Assume nothing! Most importantly, don’t assume that your students have ever been in a structured environment, especially if you’re a high school teacher. I remember making that mistake in thinking that high school students should all somehow intuitively “know” how to behave in a classroom at this point in their school years. “Surely they know how to behave by now,” I thought. Was I ever wrong! A sad reality for some students is that they only know and recognize disruptive learning environments; it has become their version of a normal classroom.
As a teacher, you set the tone and provide structure for your class. To me, structure in a classroom means two things: safety and organization. Ultimately, students want to know that you have their back when they come to your classroom, that it is safe to be themselves, and that they will not be judged. Students also want to walk into a classroom where the teacher is organized and there are clear and consistent class procedures in place. As crazy as it may sound, students appreciate structure. It may not be something that they are used to, but even students who are more used to a chaotic classroom appreciate structure. Structure also decreases disruptions and negative behaviors. If you do not have structure in your classroom, the students will act out— not because they want to but because they can. Students who struggle behaviorally and emotionally need a structured daily environment. Teachers who create a structured environment for these students early on end up facilitating positive relationships between the students.

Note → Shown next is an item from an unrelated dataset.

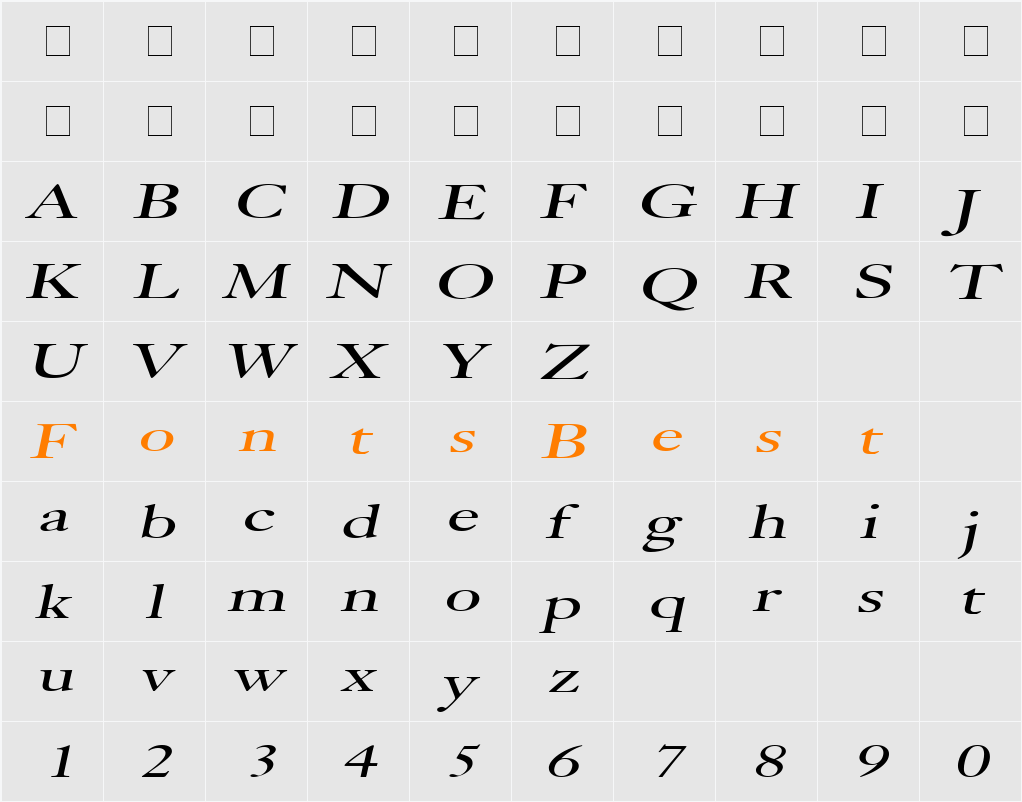 Bliss Extended Character Map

It is important to hold all students accountable to school-wide expectations. Inconsistencies in expectations or a lack of structure, destroys, and worse of all; undermines a teacher’s authority in the classroom leading to misbehavior and insubordination. If students hear the same language being spoken throughout the building concerning school expectations and procedures, they will be likelier to enter each classroom modeling those expectations. On too many occasions students have tried to undermine my authority in my class with the infamous sayings, “Well, so-and-so teacher lets me eat in class, and so-and-so teacher lets me have my cell phone in class. As a school community, we must continue to push for general procedures to be implemented throughout the building with the hope that the behaviors we want to see modeled will begin to show up in other teachers’ classrooms.